Projecting Power Through Logistics
Congressman Rob Wittman on how this year’s proposed NDAA is setting the US Military up to deter, win
Congressman Rob Wittman, (R-VA01), Representative for Virginia 1st Congressional District in the US House of Representatives, provided a video message for attendees of the Surface Port Projection conference held virtually July 29-30, 2020.
The conference was presented by the National Defense Transportation Association (NDTA) and Christopher Newport University’s Center for American Studies (CNU CAS), in collaboration with the Military Surface Deployment and Distribution Command (SDDC), the US Department of Transportation’s Maritime Administration (MARAD), and the American Association of Port Authorities (AAPA). The theme of this year’s conference was Enabling Dynamic Force Employment Through Global Port Readiness.

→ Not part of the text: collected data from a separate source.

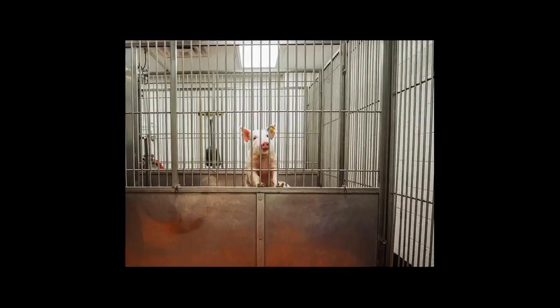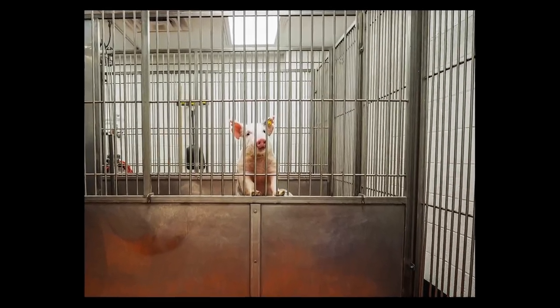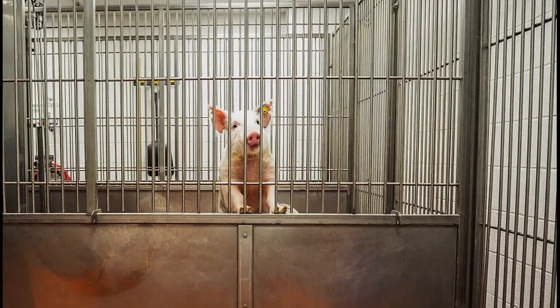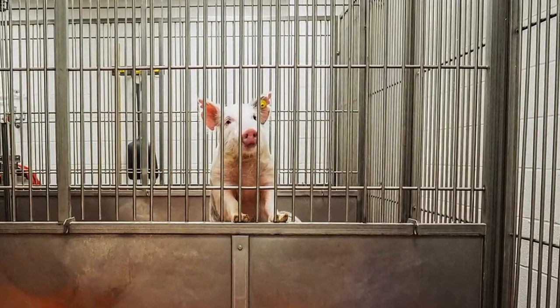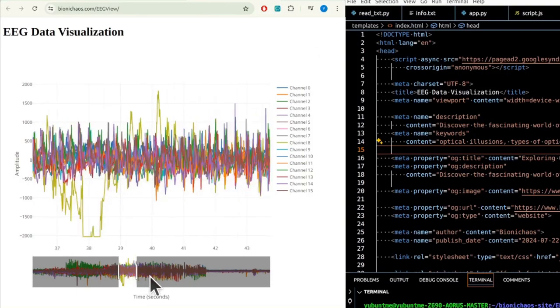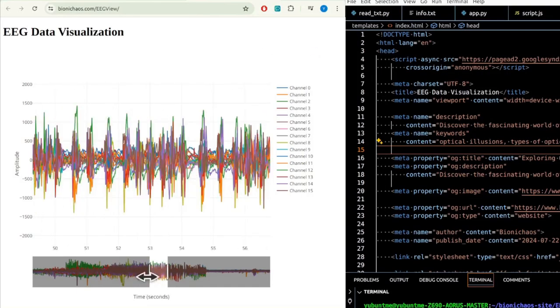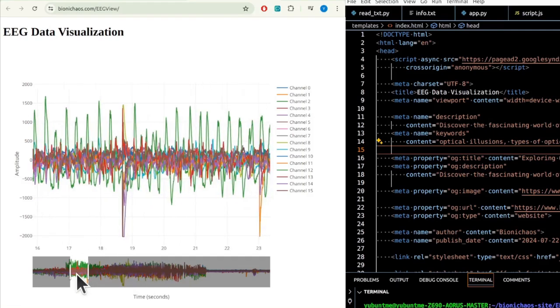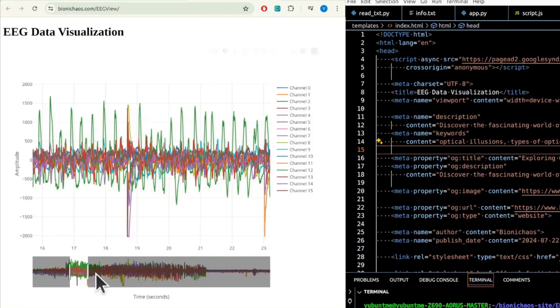But then there are more pressing ethical concerns about using animal subjects in research. But the study was already done, so the data is there. We might as well use it.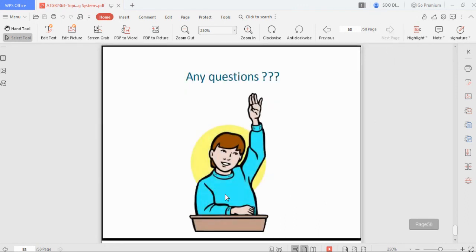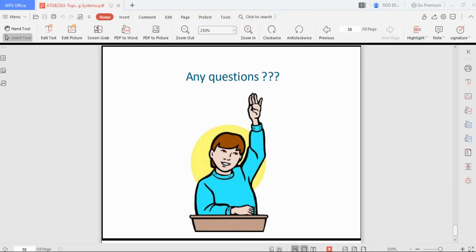That concludes the firefighting system topic. If you have any questions, you may ask now.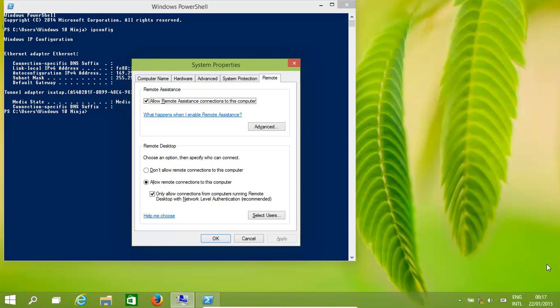Hello, today we're going to have a quick look at how to set up remote desktop access on Windows 10. The same applies for Windows 8.1, 7, and Windows Server. We want another computer somewhere else to be able to log into our computer and use it.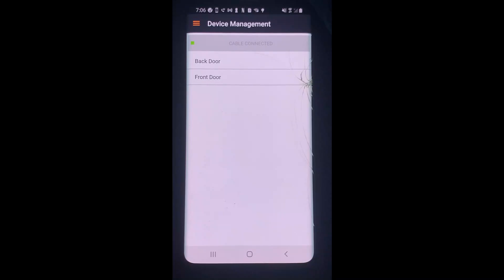As you can see, I am already logged into the app and have the SUS cable plugged in as it says cable connected. You can also see the doors that I have generated and moved into the Android on the screen.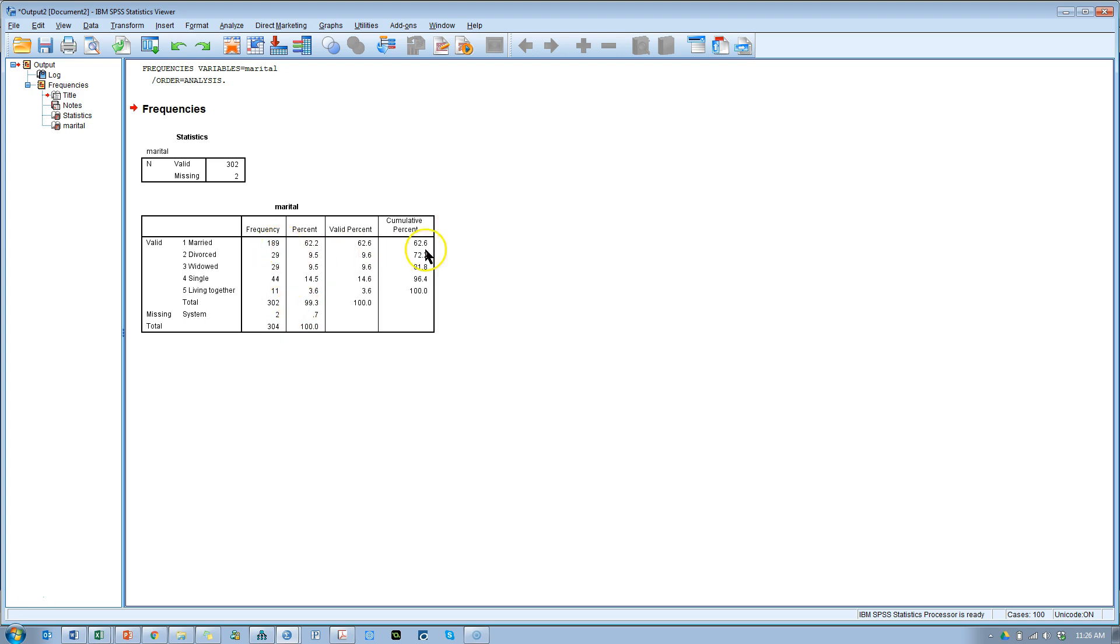I don't think I'd want to moderate by all five values. Instead I'd want to moderate by married versus not married. How would I get this multinomial construct into two values? Make it binary. Here's how you do it.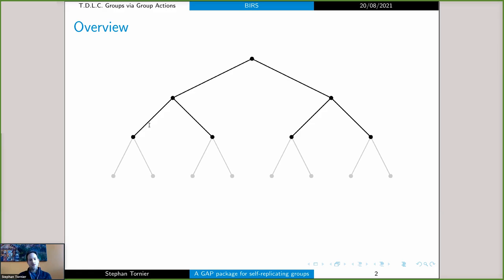That's going to be what a self-replicating group is. I'll go through two examples before pointing out reasons why you should study these groups — including some recent striking results by George Willis and many other researchers that spiked my interest. Then I want to go towards the GAP package by studying these self-replicating groups via truncating the tree at some depth and studying the finite permutation group you get on the leaves of that truncated tree. I'll talk about what the package is up to now and I'd be very interested to hear your comments or suggestions, since it's still in development.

As ranking member of the House Armed Services Committee’s Seapower and Projection Subcommittee and Co-Chair of the Congressional Shipbuilding Caucus, Wittman is an advocate of maintaining a robust Naval fleet and a healthy domestic shipbuilding industry.
Congress was in the process of passing this year’s National Defense Authorization Act (NDAA). At the time of Wittman’s comments, the bill still needed to pass the House and go through conference in the Senate, before being sent to President Trump for signature.
The Seapower and Projection Subcommittee had worked to ensure that the nation’s priorities, as they related to transportation and strategic assets within the Navy, Marine Corps, and Air Force, were well addressed by the bill. In particular, the subcommittee sought to enhance US underseas strike capabilities.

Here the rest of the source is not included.